4

For Data Visualisation purposes, I am using Databricks to create dashboards. This is achieved by creating charts in a notebook and linking those charts to the dashboard.

But I'm facing an issue in refreshing the data linked to the dashboard. I tried creating a job to refresh the entire notebook. The job succeeded but the dashboard linked to it was still showing previous data.

I believe Databricks Jobs creates a separate instance, runs the workflows and discards the instance.

With this, I won’t be able to get the updated data in the dashboard. I have to manually click on the Run All button.

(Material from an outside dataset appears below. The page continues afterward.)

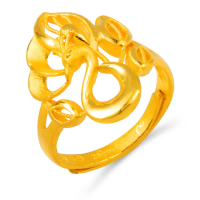 【GJS 金敬順】買一送一黃金戒指火焰鳳凰(金重:1.39錢/+-0.03錢)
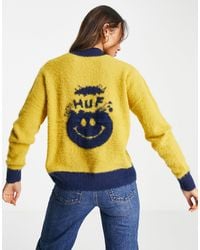 Huf – oversize-pullover intarsien-gesichtsmotiv - Gelb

Is there any other way this could be done automatically?

Sanjay
  • 328
  • 1
  • 3
  • 13
  • As this post has been within the last months of writing my comment, here my observations: I am working also with Databricks and I am using Google Chrome, since a while I experience also issues with autorefresh. Commands are shown as in progress, in reality they are done. I assume this is a glitch in the front end and this will be fixed at some point – Stefan Papp May 13 '22 at 05:45
  • I also am not able to get my dashboards to auto-refresh either. And I am fairly certain this isn't a browser issue. – Rebekah Waterbury Feb 02 '23 at 20:15
  • Same here, the updated notebook results are only accessible via the job run results, **not** via the dashboard view. – py_j Feb 08 '23 at 08:12
  • I am having the same issue. Any update on this topic? – Liky Mar 29 '23 at 08:40

2 Answers2

2

I believe Databricks Jobs creates a separate instance, runs the workflows and discards the instance.

Unfortunately, this assumption appears to be right: the Databricks support supplied me with the following explanation (Feb 2023):

For now, sharing a dashboard that can be regularly updated can be done only through its job run result. [...] Now, the challenge you have is to share a version of the notebook without any code and with interactive visualizations.

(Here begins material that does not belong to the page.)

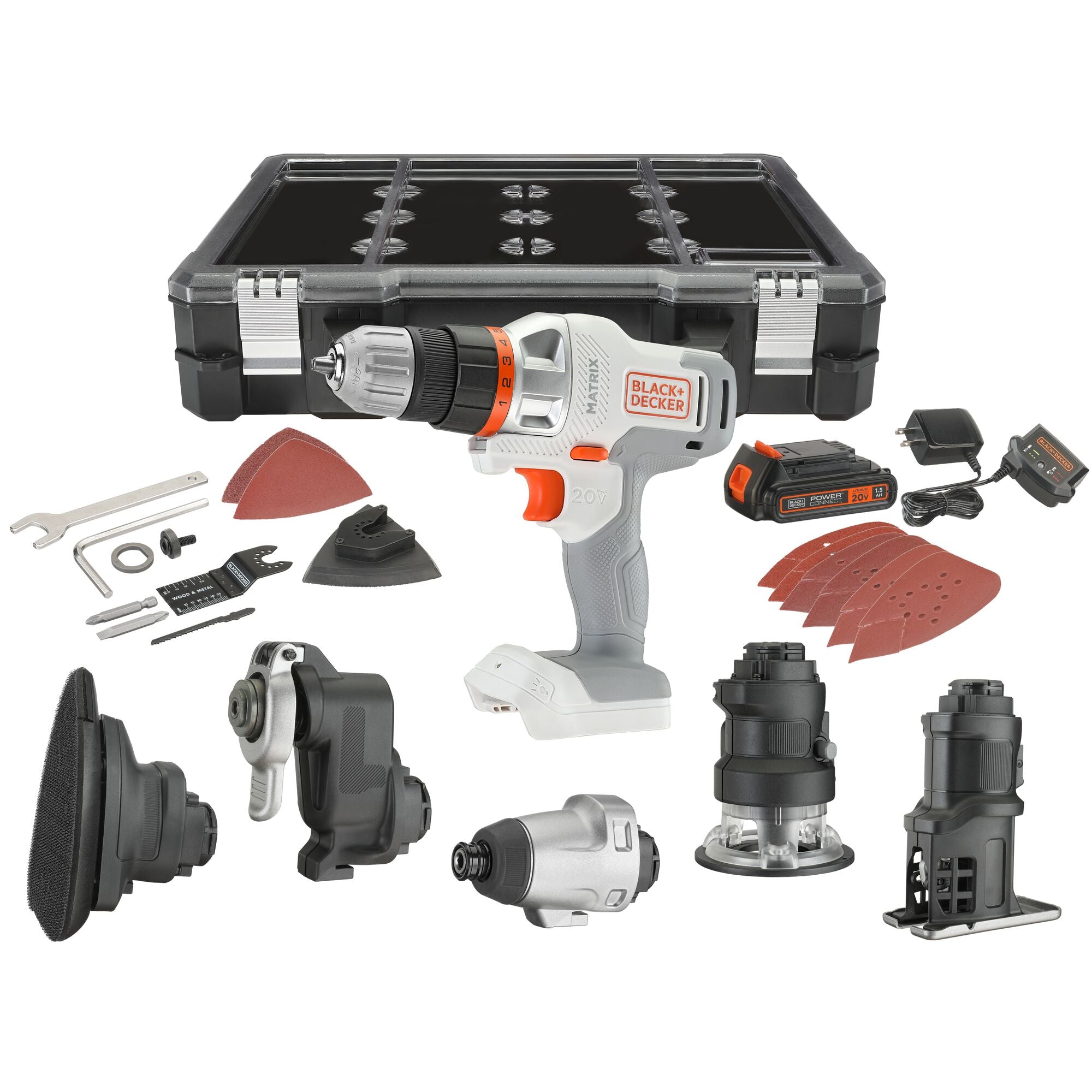  BLACK+DECKER 20V MAX MATRIX Cordless Combo Kit, 6-Tool, White  and Orange (BDCDMT1206KITWC)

If that is the case, you can create a dashboard based on the visualisations in the notebook, and in the job result page, in the output toggle, select [...] dashboard or results only options. You will get a link to that specific dashboard like /run/latestSuccess/dashboard/{dashboard_id}.

For my use case (sharing updated dashboards with non-coder audience), I've setup scheduled runs of the notebooks, added the users to the job run notifications (only for successful runs) and supplied them with an illustrated guide how to access the dashboard view from that email (subject like [long number] Success--view run [number] of [name of notebook]:

  1. click link "View run in Databricks"
  2. In "Output" dropdown menu select Dashboard: <name of your dashboard>
  3. Click the right arrow in the sidebar "Task run details" to hide the sidebar

If you find a way to setup a dashboard with a single URL that is updated periodically, please let me know!

py_j
  • 381
  • 3
  • 7
0

First of all apologies for the late reply.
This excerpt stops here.